Volume 7, No. 1, January 2025
Editor: Rashed Rahman
Kashmir is on a heightened boil again after Indian Prime Minister Narendra Modi’s Bharatiya Janata Party (BJP) government unilaterally revoked Article 370 of its Constitution (according a special autonomous status to Kashmir) as well as Article 35A that protected the disputed territory from outsider influx, their buying local property, changing thereby the demography of the region, etc. This unprecedented act was preceded by the induction of an additional 35,000 troops into the most heavily militarised area in the world and followed by a complete curfew, lockdown, and communications severance within Indian Held Kashmir (IHK) and to the outside world.
Resistance within India to this draconian wrecking of the long standing political and constitutional arrangements for IHK was expected and mounted, but a crackdown within IHK and throughout India against dissidents and critics has stifled the voices of protest partially for the moment. Inside IHK, there are reports of the Indian authorities easing restrictions incrementally, but if Kashmiri protests break out again (as is expected), the lockdown could once again be enforced.

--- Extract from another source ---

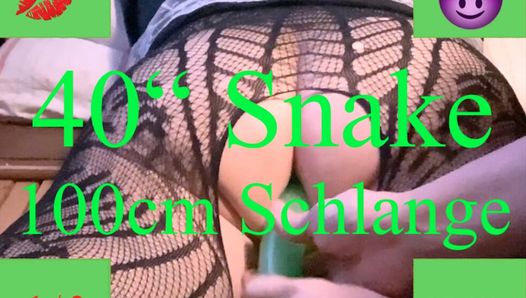 Extreme 100cm grüne Dildo Schlange für Sissy D - Teil 1 von 2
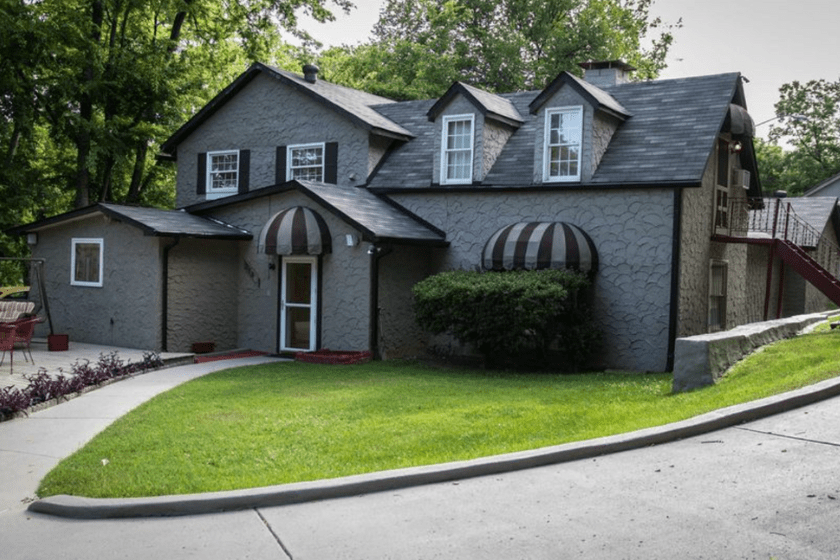 Exterior shot of Dolly Parton's former Nashville home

Pakistan finds itself in a difficult position. Unable to stay silent in the face of Modi’s blatant oppression of the Kashmiris and their UN Security Council-recognised right of self-determination (albeit limited to a choice between India or Pakistan), the Pakistan Tehreek-i-Insaaf (PTI) government of Prime Minister Imran Khan as well as the opposition have been shouting themselves hoarse for the ‘international community’ to take note of the development and intervene. This strategy has been tested by calling for the UN Security Council to take up the Kashmir issue after half a century of ‘benign neglect’. The UN Security Council has met for a closed door consultative meeting, from which the result is not contrary to realistic expectations. No communiqué followed the deliberations, but what can be gleaned from media reports so far is that apart from China, the other four permanent members of the UN Security Council have either mumbled mealy-mouthed platitudes about ‘restraint by both sides’ (the US, UK, Russia) or adopted a pregnant silence (France). This is a reflection of the reality that the world at large (including the Muslim world) has tacitly accepted the long standing status quo in IHK, and now the dictatorial wrecking of even that status quo by Modi.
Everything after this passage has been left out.